That Bass Tour
- Poster of the tour
- Associated album: Title
- Start date: February 11, 2015
- End date: June 4, 2015
- No. of shows: 36

Meghan Trainor concert chronology
- ; That Bass Tour (2015); MTrain Tour (2015);

= That Bass Tour =

2015 concert tour by Meghan Trainor

That Bass Tour was the first headlining concert tour by American singer-songwriter Meghan Trainor. It was launched in support of her debut major-label studio album Title (2015), and visited North America, Europe, Asia, and Oceania. The tour was initially announced in November 2014 with North American dates being released at the same time, with Oceanic, European and Asian dates announced afterward. The show was produced by Live Nation Entertainment. The set list featured the majority of the songs from Title, along with a cover of Mark Ronson's "Uptown Funk". Reviews for the tour were generally positive, with critics praising Trainor's prowess performing live.

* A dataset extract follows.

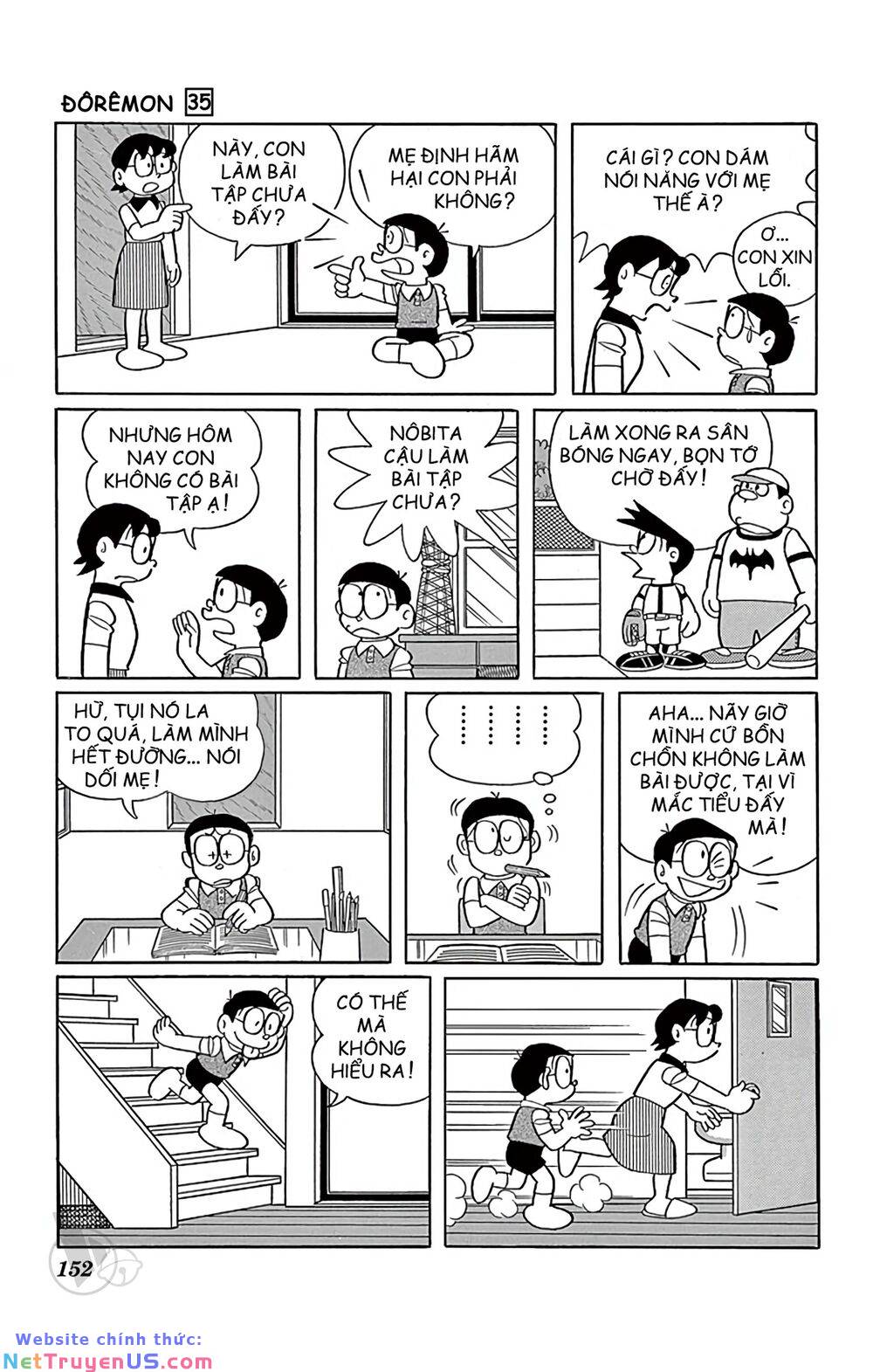 doraemon chapter 634 4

==Background and development==
On November 3, 2014, Trainor announced her debut concert tour, That Bass Tour, to support her fourth studio album and major label debut, Title (2015). Tour dates were released on the same day for North America, and tickets were released on November 8, 2014. Dates were also revealed for the United Kingdom and Australia in January 2015. Live Nation Entertainment were announced to be the tour's producers, and HP as its sponsor. The set list included fourteen songs from Trainor's album Title along with a dance section featuring Mark Ronson's "Uptown Funk".

==Synopsis==
The show starts with a screen of lights in the background while Trainor enters the stage, and she then opens with "Dear Future Husband". After performing another three songs, Trainor starts singing "Title" with only a ukulele and her guitarist. "Bang Dem Sticks" is later performed along with a drum solo, which is followed by a special dance segment, as a tribute to Mark Ronson's song "Uptown Funk" featuring Bruno Mars. As the first song of the encore, she sings "What If I" which was accompanied by a disco ball. The show closes with "All About That Bass", which Bill Brotherton of the Boston Herald said had "a loud sing-along and had moms, dads and preteens dancing feverishly". The show ends with large balloons and confetti falling from the ceiling.

==Critical reception==
Carlee Wright of USA Today praised the show, saying that Trainor was energetic during the show, and that she interacted with the crowd often, both between and during songs. She also said that Trainor "brought her A-game" for the show and that she recommends buying tickets for the show. Annabel Ross from The Sydney Morning Herald rated the song three out of five stars, and described Trainor as a "pop star for all the family" in the review. The Hollywood Reporters Ashley Lee said that the show did not disappoint the crowd, and also praised Trainor's vocals and her showmanship. David Pollock of The Independent praised the show and opined that it is "positively rich in visual spectacle and a sense of authentically live performance". International Business Timess Alicia Adejobi criticized Trainor's dance routines in the "Uptown Funk" segment, saying that she's not the "best dancer".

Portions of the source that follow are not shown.